Amy Heller, Tibetan Art: Tracing the Development of Spritual Ideals and Art in Tibet, Milan, 1999, cat. no. 104. David Jackson, Mirror of the Buddha: Early Portraits from Tibet, New York, 2011, p. 131, fig. 4.21.

Catalogue Note

Jigten Wangchuk (1454-1532) was abbot of the Kagyu Taglung branch monastery of Riwoche in Kham, but is principally renowned as a teacher, and notably for the transmission of the Kalachakra to Eighth Gyalwa Karmapa, Mikyo Dorje (1507-1554), see Amy Heller, Tibetan Art: Tracing the Development of Spiritual Ideals and Art in Tibet, Milan, 1999, p. 196. The format of the painting, with the large central enthroned image of the master against a background of stylised multi-coloured mountain staves, and surrounded by Taglung lineage, is based on the Taglung portraits of the thirteenth and fourteenth centuries, see Jane Casey Singer, ‘Taklung Painting’ in Jane Casey Singer and Philip Denwood, eds, Tibetan Art: Towards a Definition of Style, London, 1997, pp. 52-67: the dates of Jigten Wangchuk preclude an attribution of the painting earlier than mid-sixteenth century. Heller suggests this thangka, together with the portrait of Palden Rinchen in the following lot, may have been done in the traditional style to accompany an existing series of portraits from the earlier period, Heller, op. cit.

The Tibetan inscription at verso can be translated as follows:

Praises at the feet of 'igten Wangchuk, he who fully liberates the followers of the profound tantric path and who upholds the doctrines of tantric realization in the Land of Snows. We pray for the benediction completely liberating all sentient beings. At the summit of the powerful mountain where merits and wisdom unite, born of the precious tree of paradise-giving knowledge of the profound path, its branches spreading full of leaves of the multitude of perfect ritual acts, our praise to you, hightest among men.
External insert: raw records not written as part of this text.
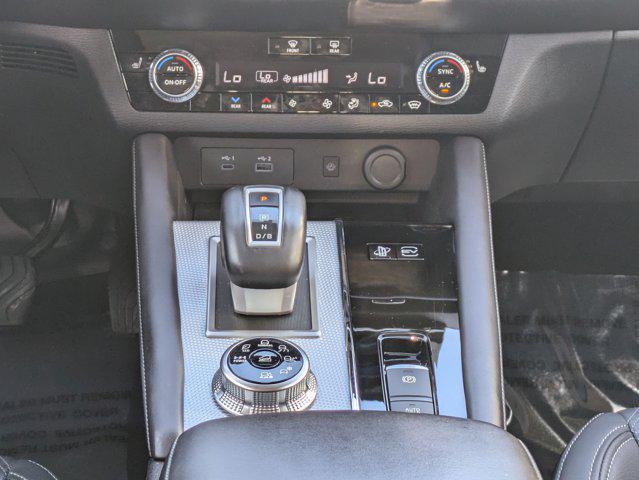 used 2023 Mitsubishi Outlander PHEV car, priced at $27,319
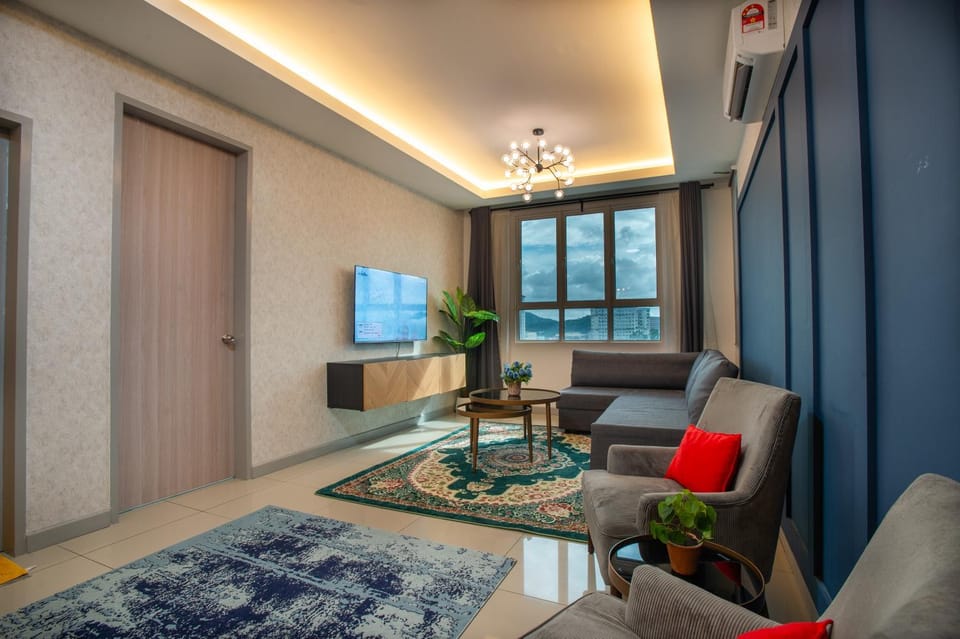 TV and multimedia, Living room, Seating area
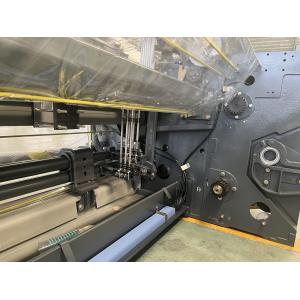 Flat Fabric Weaving Machine 1200 RPM 360cm A Machine For Weaving Cloth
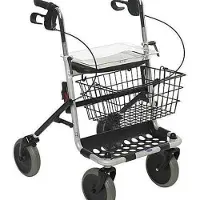 Aquatec Invacare Rollator P452E/3 Banjo 1 St
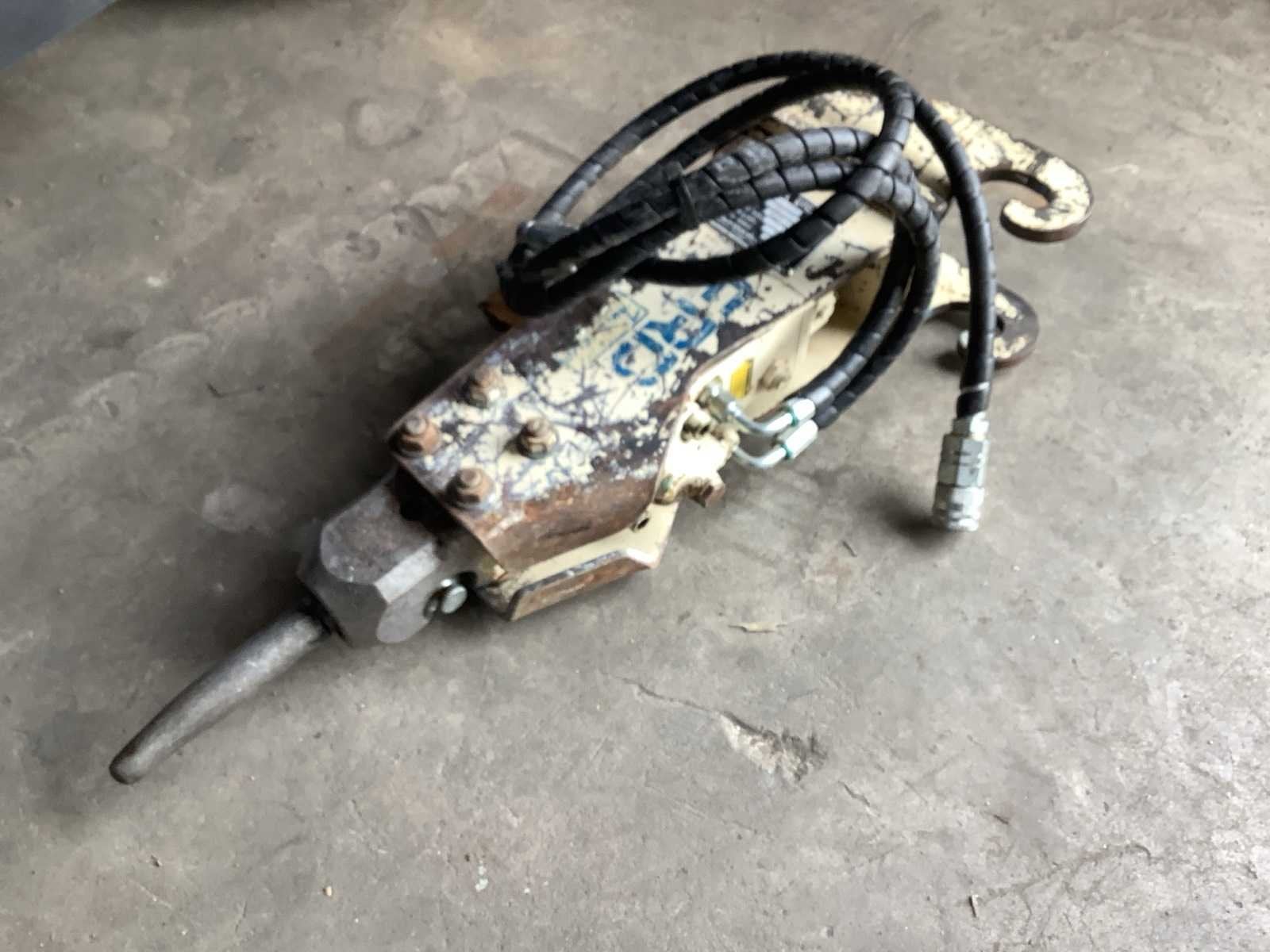 Hakhamer hydraulisch furukawa cw05 Voorzetapparatuur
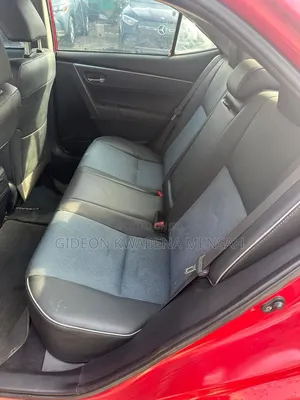 Kia Forte EX Sedan 2013 Red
Born from the strength of pure merit, the glory of your name covers the ten directions. We venerate the body of the lama, whose body is the great accumulation of good qualities. We venerate the speech of the lama which is the liberating holy dharma without error, whose sound is the pure unobstructed lion's roar to stifle the heretic wild animals. We venerate the mind of the lama, for the mind's clear light stops the clouds of sudden illusion in the celestial realm of great joy without differentiation.
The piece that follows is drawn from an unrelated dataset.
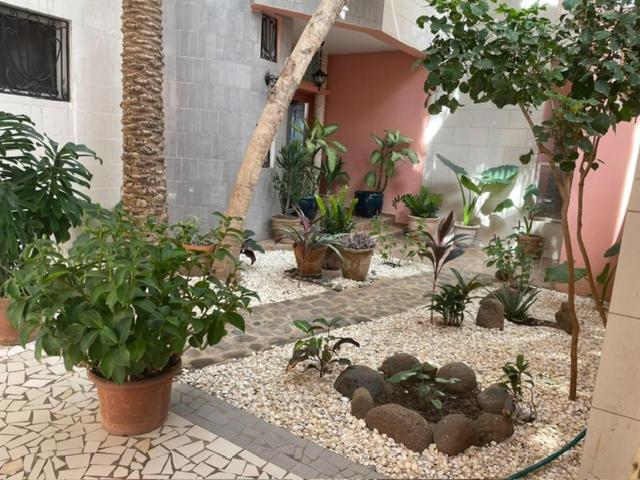 Villa pieds dans l'Eau Dakar Yoff view 5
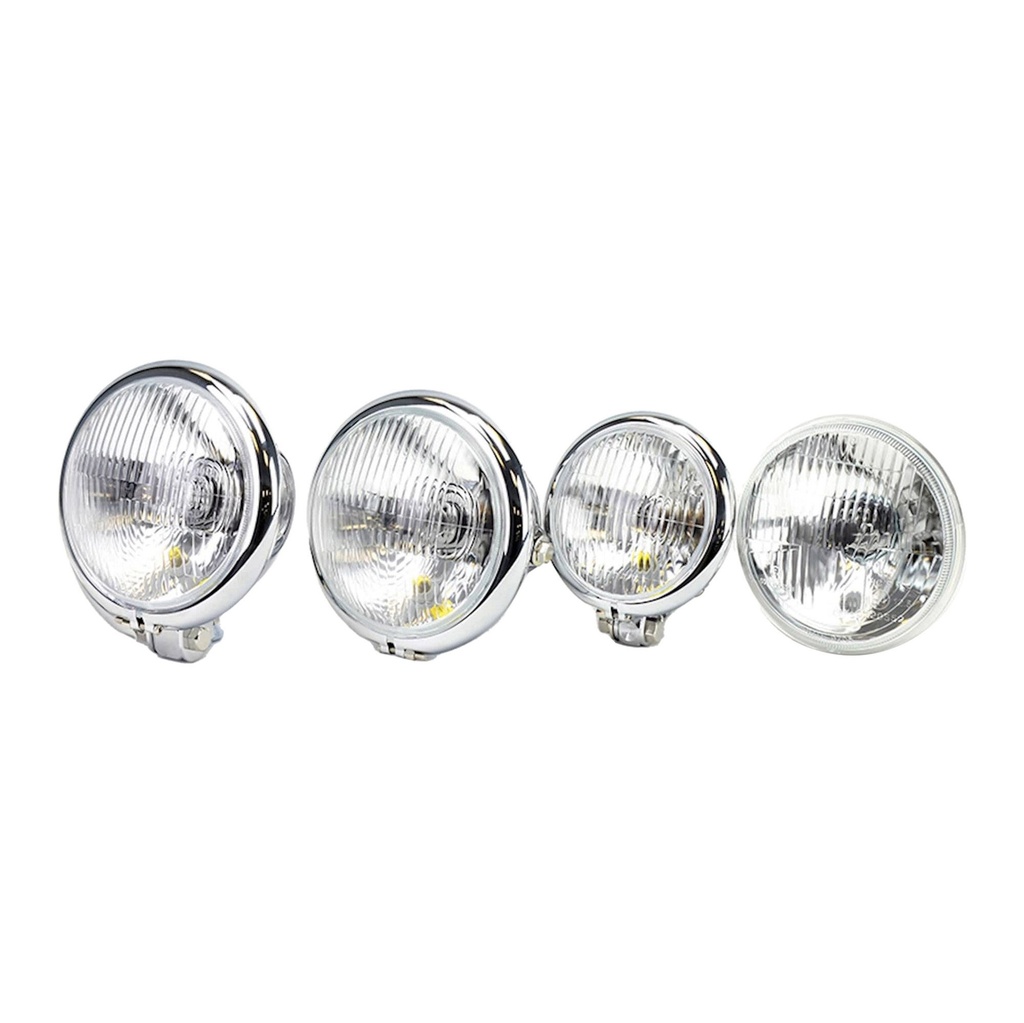 Bike-It Universal Inner Unit for Bates Headlight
Spontaneously realizing the increase of knowledge, zealously fulfilling all desires, we venerate you for satisfying all in accordance with the power of the thought of the beings still to be liberated.

Sovereign over immovable time, particularly overcoming strife in the world, we venerate you as the hero victorious in all directions over disharmony.
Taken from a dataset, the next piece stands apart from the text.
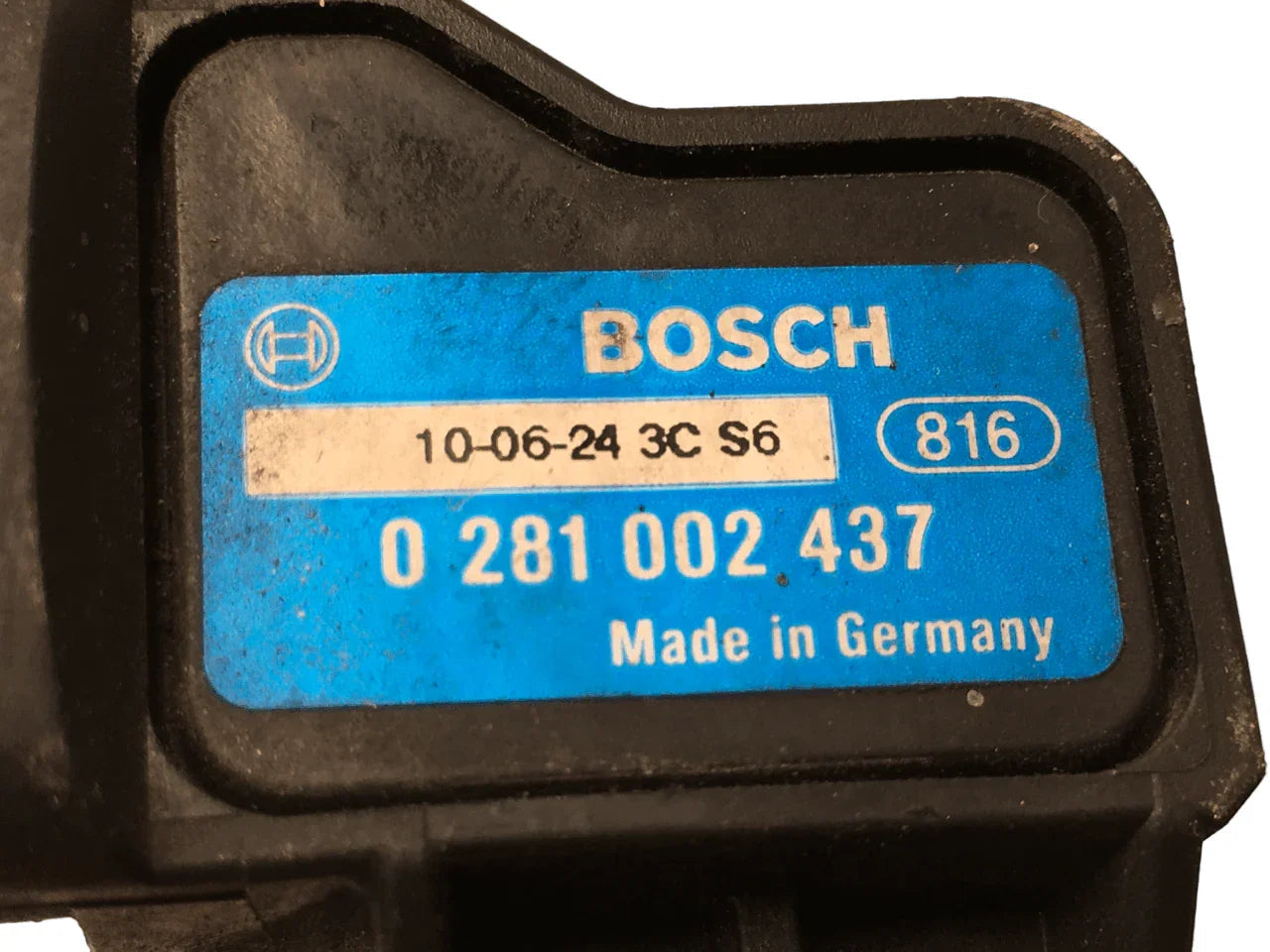 Sensor presion Opel 0281002437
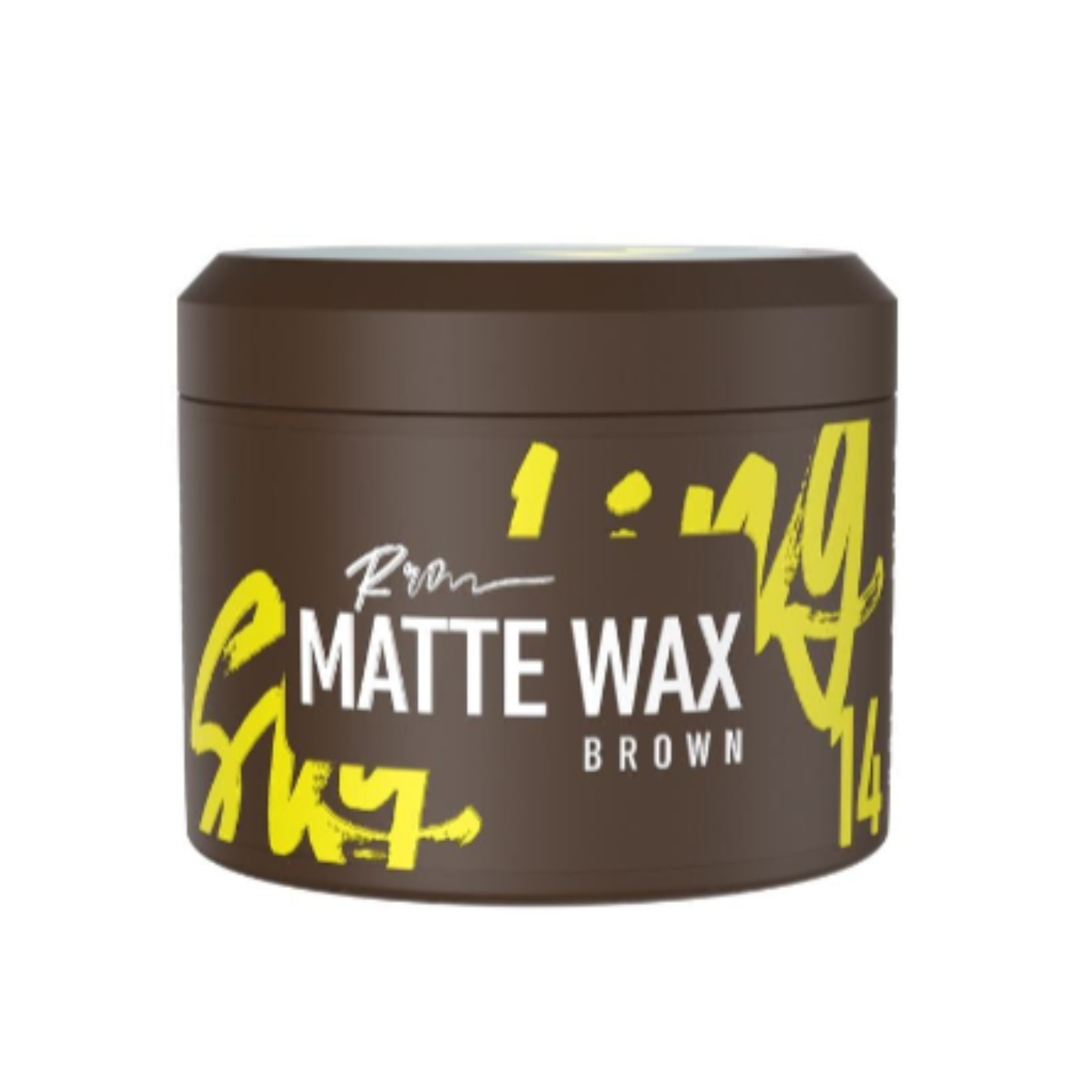 Roqvel Cera Moldeadora Matte Capilar Brown 14 150ml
To you whose very body is the prefection of good qualities of the five sorts of ritual acts, by our prayers and praise to you, we hope that you will reveal yourself as our lama.

You who are the treasure of all virtues, wisdom and merits, make the accumulation like the precious tree of paradise bringing to all beings a rainfall of riches and all happiness and prosperity throughout the phenomenal world. (NB: "Jigten Wangchuk" means "the powerful riches of the phenomenal world", so this is a special way of imploring the lama).

O, incomparable lama, may you accomplish this prayer, abandoning the illusions of the mind, may you be the power of memory guiding all beings. By all the virtuous acts placed here may you reveal yourself in the eastern region Kham near those who remember, the Dharma master and his son. May you obtain the perfect rainbow body of Dharma.